The invitation-only football camp gave some of the region's top high school and middle school players a chance to learn techniques from seasoned veterans and gain tips for life outside of football.
More than 200 players participated in Saturday's camp. Organizers aim to keep Football University functioning at an 8-1 coach-player ratio.
For the players, that kind of hands-on instruction from former NFL standouts like five-time Pro Bowl wide receiver Andre Rison made FBU a worthwhile experience.
"It's really helpful when you have a pro guy like Andre Rison," said Marcus Snipes, a wide receiver from St. Frances. "You've got a great respect level for this dude, and everything he tells you is helpful. When you use it on the field against [defensive backs] and it works, you're like 'Dang, that was a great tip.' "
Rison, like many of the other former NFL players and coaches in attendance, preached the fundamentals of technique.
"I always tell them, 'Don't trust us, trust the technique,' " Rison said. "Once they have success using it, they listen and are ready to learn."
Saturday's camp was not just about passing, blocking and tackling. Participants were given nutrition tips courtesy of representatives from the Athletic Republic in Bowie. The athletes were also taught about the ins and outs of recruiting and given advice from pros on post-football life.
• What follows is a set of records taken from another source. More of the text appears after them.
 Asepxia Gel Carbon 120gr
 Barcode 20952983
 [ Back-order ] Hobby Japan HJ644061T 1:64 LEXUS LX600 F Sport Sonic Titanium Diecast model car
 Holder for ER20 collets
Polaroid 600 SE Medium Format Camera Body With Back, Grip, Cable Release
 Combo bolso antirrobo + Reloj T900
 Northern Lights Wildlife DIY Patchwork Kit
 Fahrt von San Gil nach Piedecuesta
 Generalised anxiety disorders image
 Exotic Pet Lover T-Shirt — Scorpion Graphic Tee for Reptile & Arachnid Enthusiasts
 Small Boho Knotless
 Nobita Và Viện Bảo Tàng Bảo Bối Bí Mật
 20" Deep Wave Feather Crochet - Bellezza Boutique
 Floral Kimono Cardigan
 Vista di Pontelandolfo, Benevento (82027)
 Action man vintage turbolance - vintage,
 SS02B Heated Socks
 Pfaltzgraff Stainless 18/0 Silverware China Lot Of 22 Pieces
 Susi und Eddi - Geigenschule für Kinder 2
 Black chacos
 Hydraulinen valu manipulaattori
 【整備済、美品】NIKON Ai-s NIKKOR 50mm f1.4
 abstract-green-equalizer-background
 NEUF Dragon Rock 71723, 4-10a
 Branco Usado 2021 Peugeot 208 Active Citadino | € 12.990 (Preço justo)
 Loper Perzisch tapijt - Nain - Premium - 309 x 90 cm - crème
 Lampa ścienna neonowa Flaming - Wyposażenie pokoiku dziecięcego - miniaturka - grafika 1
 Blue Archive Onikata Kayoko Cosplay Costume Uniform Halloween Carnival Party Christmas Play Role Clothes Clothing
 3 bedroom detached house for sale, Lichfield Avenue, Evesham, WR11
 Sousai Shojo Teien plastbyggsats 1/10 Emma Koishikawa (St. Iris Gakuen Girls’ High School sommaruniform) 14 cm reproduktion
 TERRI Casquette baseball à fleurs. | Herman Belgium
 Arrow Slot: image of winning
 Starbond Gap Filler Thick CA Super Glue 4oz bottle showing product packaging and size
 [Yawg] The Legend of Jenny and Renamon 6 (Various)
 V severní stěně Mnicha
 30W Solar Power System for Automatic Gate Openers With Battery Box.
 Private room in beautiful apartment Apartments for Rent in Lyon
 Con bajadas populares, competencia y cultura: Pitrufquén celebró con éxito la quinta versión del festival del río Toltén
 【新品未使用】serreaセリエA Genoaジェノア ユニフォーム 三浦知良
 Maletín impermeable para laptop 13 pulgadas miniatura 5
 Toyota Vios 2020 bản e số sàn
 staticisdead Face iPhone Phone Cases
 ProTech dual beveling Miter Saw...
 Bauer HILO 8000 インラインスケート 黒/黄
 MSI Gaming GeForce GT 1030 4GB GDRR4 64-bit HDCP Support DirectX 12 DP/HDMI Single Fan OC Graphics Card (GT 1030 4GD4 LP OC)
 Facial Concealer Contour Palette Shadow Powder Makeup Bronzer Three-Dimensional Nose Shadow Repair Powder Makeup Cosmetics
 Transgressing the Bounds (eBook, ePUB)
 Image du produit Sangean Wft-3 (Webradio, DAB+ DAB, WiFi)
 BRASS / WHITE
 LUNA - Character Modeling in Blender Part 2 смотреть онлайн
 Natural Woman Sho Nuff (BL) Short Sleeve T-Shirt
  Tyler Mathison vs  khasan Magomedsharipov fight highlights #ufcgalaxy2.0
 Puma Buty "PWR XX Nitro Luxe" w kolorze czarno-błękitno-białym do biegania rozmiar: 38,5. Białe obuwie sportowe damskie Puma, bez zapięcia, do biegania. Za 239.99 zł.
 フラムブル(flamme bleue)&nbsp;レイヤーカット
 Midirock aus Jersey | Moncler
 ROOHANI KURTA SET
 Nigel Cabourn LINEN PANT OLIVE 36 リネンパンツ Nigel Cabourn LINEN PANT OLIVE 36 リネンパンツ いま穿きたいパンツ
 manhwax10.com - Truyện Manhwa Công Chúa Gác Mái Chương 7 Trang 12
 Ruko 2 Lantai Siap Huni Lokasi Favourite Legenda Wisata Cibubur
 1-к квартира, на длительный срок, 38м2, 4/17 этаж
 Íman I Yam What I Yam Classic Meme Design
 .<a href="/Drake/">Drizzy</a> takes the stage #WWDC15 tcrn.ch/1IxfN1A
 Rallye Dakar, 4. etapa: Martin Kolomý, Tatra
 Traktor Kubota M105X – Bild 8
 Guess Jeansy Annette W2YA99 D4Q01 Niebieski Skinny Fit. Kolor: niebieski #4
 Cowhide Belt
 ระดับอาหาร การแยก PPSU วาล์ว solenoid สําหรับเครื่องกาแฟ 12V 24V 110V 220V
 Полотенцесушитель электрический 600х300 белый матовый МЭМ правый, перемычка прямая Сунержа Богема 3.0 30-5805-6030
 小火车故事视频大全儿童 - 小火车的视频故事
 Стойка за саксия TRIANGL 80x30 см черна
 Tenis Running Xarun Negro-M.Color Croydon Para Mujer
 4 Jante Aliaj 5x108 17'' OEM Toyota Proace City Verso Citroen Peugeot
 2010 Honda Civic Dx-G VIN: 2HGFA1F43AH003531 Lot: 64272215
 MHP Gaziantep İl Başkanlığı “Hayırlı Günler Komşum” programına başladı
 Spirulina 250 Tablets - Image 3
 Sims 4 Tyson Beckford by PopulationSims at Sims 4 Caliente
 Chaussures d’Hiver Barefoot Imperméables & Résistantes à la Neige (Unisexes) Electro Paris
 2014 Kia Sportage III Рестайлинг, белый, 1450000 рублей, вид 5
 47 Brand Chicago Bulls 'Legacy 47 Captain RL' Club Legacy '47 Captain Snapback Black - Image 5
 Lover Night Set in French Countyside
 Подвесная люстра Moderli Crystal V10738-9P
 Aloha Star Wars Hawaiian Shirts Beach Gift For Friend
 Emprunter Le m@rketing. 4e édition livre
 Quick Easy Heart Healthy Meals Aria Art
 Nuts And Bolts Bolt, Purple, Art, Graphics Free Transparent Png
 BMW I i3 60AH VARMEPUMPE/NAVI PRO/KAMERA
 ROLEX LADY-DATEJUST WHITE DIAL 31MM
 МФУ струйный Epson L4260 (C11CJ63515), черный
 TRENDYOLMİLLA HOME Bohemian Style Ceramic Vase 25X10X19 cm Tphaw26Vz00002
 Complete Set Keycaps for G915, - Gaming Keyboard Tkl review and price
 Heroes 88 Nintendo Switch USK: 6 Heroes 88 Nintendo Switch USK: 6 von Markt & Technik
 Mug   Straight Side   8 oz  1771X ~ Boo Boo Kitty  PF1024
"The most important thing is, what are you going to do after football?" asked Glenn Foley, a former New York Jets and Seattle Seahawks quarterback. "The chances of any of these kids going pro is almost zero. You can't play football forever, and you have to be prepared for that. So it's important to stress that they strive for As and Bs while they're playing."
Glenn Smith, a former Dallas Cowboys assistant, wanted the running backs he tutored to master the mental aspects of being a football player and how to conduct themselves properly off the field.
"I want them to be reactionary rather than thinking on the field," he said. " ... They need to be on time and prepared for meetings, and [they need to] respect people."
Former Penn State standout Blair Thomas, the second overall pick in the 1990 NFL draft by the Jets, joined Smith in coaching the running backs. Thomas' experience and knowledge was a draw for Jacob Siwicki, a rising senior tailback who made the roughly 4 1/2 -hour drive to Severna Park from Upper St. Clair, Pa.
"It's awesome. They're legends," Siwicki said. "I struggled last season with my blocking, and these tips will definitely help me improve next season."
Throughout their workout, Thomas stressed the importance of conditioning.
"If any running back wants to be elite, he has to be in better shape than anybody on the field," he said. "If they're tired, a 40-yard run turns into a 5-yard gain."
More than eight years ago, Steve Shafer coached the defensive backs for the Super Bowl champion Ravens. Shafer retired from the NFL in 2003 but has kept busy with Football University instruction. He handled the defensive backs Saturday and was impressed with what he saw.
"There are definitely some Division I guys out here, but there is also a wide range of ages and abilities," he said. "The great thing is that they all gain something."